Legend: range = range, walk = random_walk, d.prof = daily_profile, cat = categorical, seq = sequential, const = constant, ts = timestamp, m.r.to = mean_reversion_to, incr = incremental: stateful, x-entity = cross-entity references, valid = validation on simulated data

Find Your Pattern¶

🎯 Start Here — Pick Your Path

=== "Chemical / Process Engineer"

**Your journey:** Pattern 9 (Wastewater) → 11 (CSTR + PID) → 12 (Distillation) → 13 (Cooling Tower EMA) → 14 (Batch Reactor) → 15 (Tank Farm) → 28 (Greenhouse PID)

You already think in terms of mass balances, PID loops, and process dynamics. Start with Pattern 9 to see how cross-entity cascades model stage-to-stage flow. Then Pattern 11 introduces `pid()` — pay attention to the negative gains for reverse-acting cooling. Pattern 13 shows `ema()` for noisy sensor smoothing. By Pattern 15, you'll be integrating tank levels with `prev()`.

**Key gotcha:** PID sign convention. Cooling loops need negative Kp. If your controller output is stuck at 0 or 100, check your signs first. See Pattern 11's "Why are the PID gains negative?" callout.

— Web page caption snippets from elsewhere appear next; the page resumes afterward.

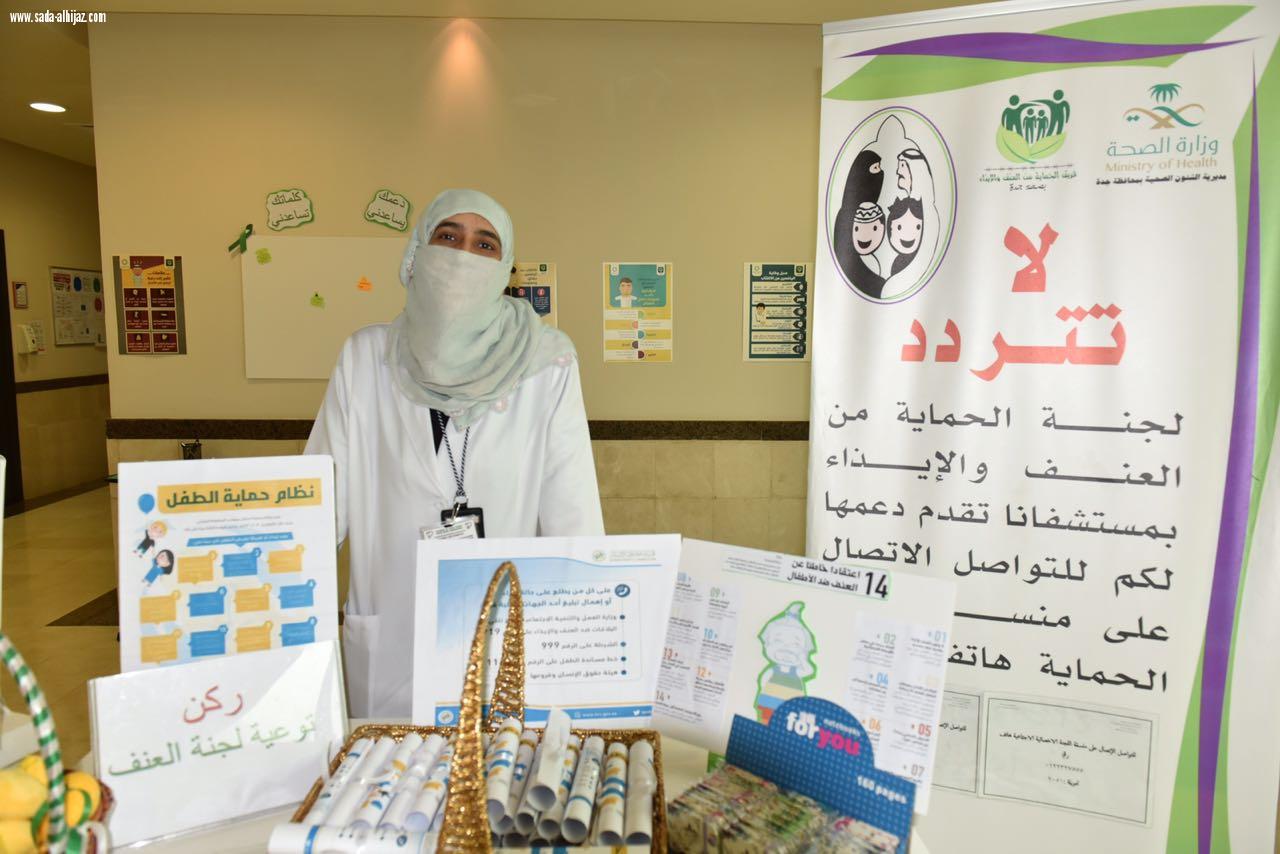 مستشفى شرق جدة يحتفل بفعاليات اليوم العالمي للصحة النفسية 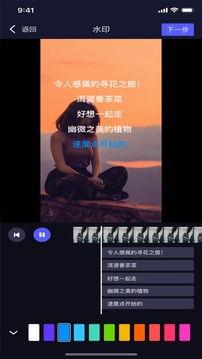 葫芦最新爆料视频下载安装,揭秘下载安装全过程，带你领略科技魅力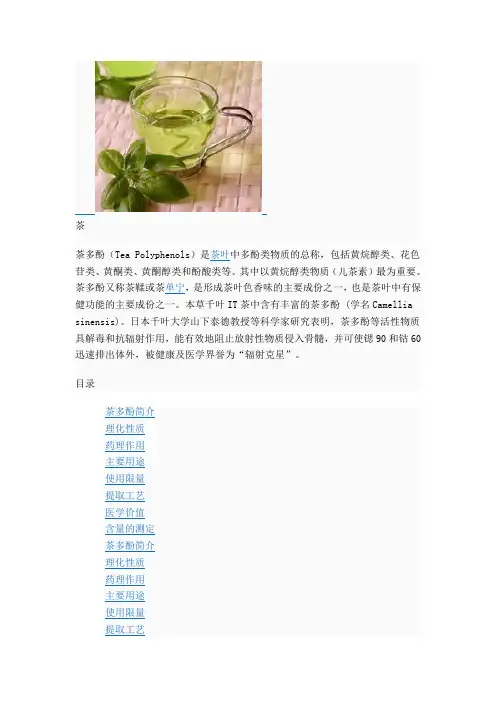茶多酚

=== "Data Engineer / Analytics Engineer"

**Your journey:** Pattern 1 (Build Before Sources) → 4 (Incremental) → 6 (Stress Test) → 36 (Late Data) → 37 (Schema Evolution) → 38 (Multi-Source Merge) → 7 (Dashboard Feed)

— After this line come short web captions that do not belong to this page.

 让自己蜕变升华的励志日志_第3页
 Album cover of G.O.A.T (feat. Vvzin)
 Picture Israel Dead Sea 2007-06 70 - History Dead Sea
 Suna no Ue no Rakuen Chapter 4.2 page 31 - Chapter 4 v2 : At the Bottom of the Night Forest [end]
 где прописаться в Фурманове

You care about pipeline architecture, not domain physics. Start with Pattern 1 to see the medallion architecture (bronze → silver → gold) with simulation as the bronze source. Pattern 4 adds `incremental: stateful` for continuous feeds. Pattern 36 is your crash test dummy — 5% outliers and 3% duplicates deliberately break things. Pattern 38 is the real challenge: merging ERP + MES + SCADA with different cadences.

**Key gotcha:** `prev()` column ordering. The column using `prev('column_x')` must appear AFTER `column_x` in the YAML. The simulator evaluates columns top-to-bottom. If you reference a column that hasn't been generated yet, you'll get the default value every time.

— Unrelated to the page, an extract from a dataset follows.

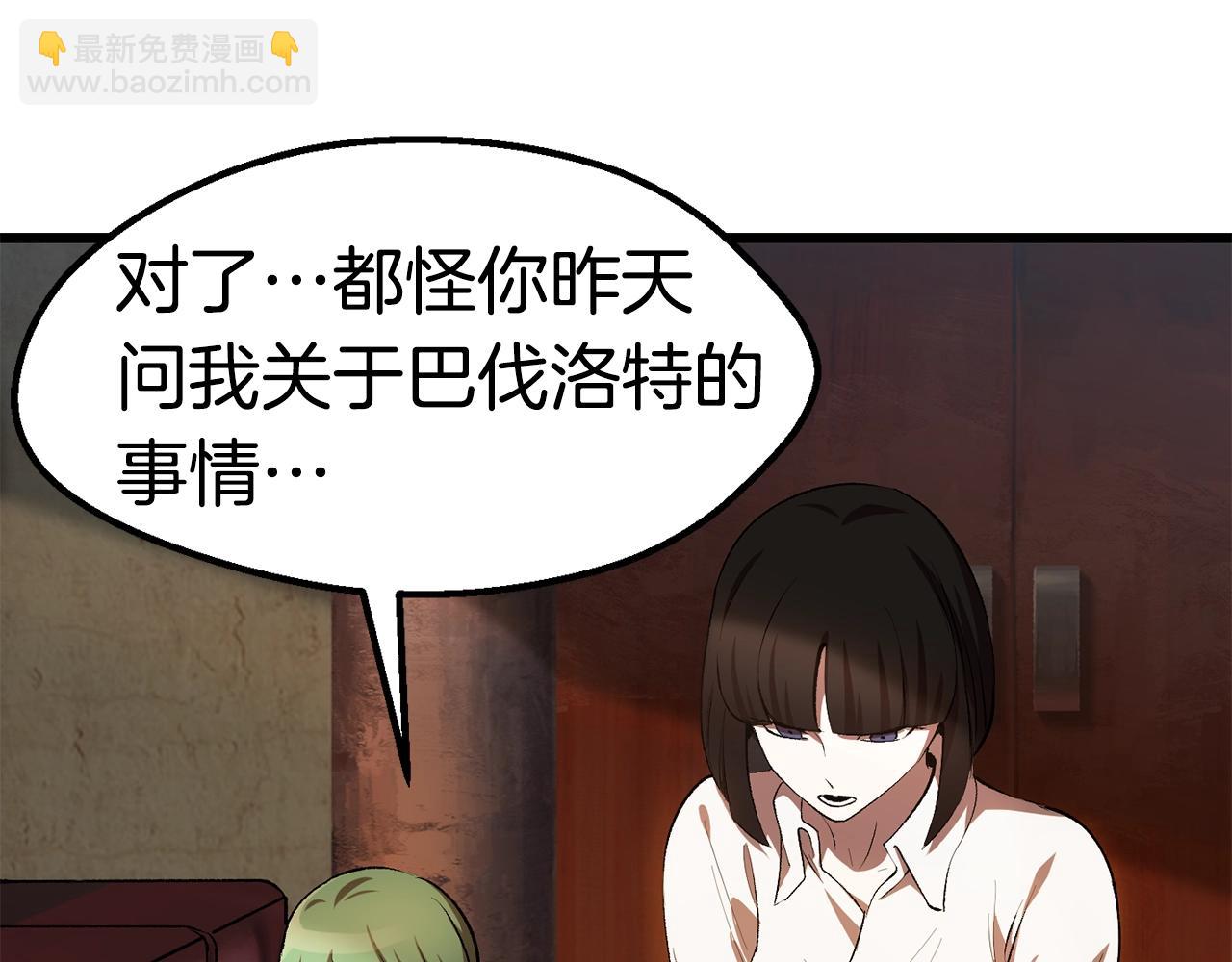 第126话 追踪和刺杀77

=== "Business Analyst / Junior DE"

**Your journey:** Pattern 1 (Build Before Sources) → 2 (Production Line) → 3 (IoT Sensors) → 4 (Orders) → 31 (Retail POS) → 32 (Call Center)

Start simple. Pattern 1 teaches the core concept: simulate data, build your pipeline, swap to real data later. Pattern 2 adds entity_overrides and scheduled_events. Pattern 3 shows daily_profile for realistic time-of-day behavior. By Pattern 4, you're running incremental pipelines. Patterns 31-32 are business-domain patterns you can show to stakeholders.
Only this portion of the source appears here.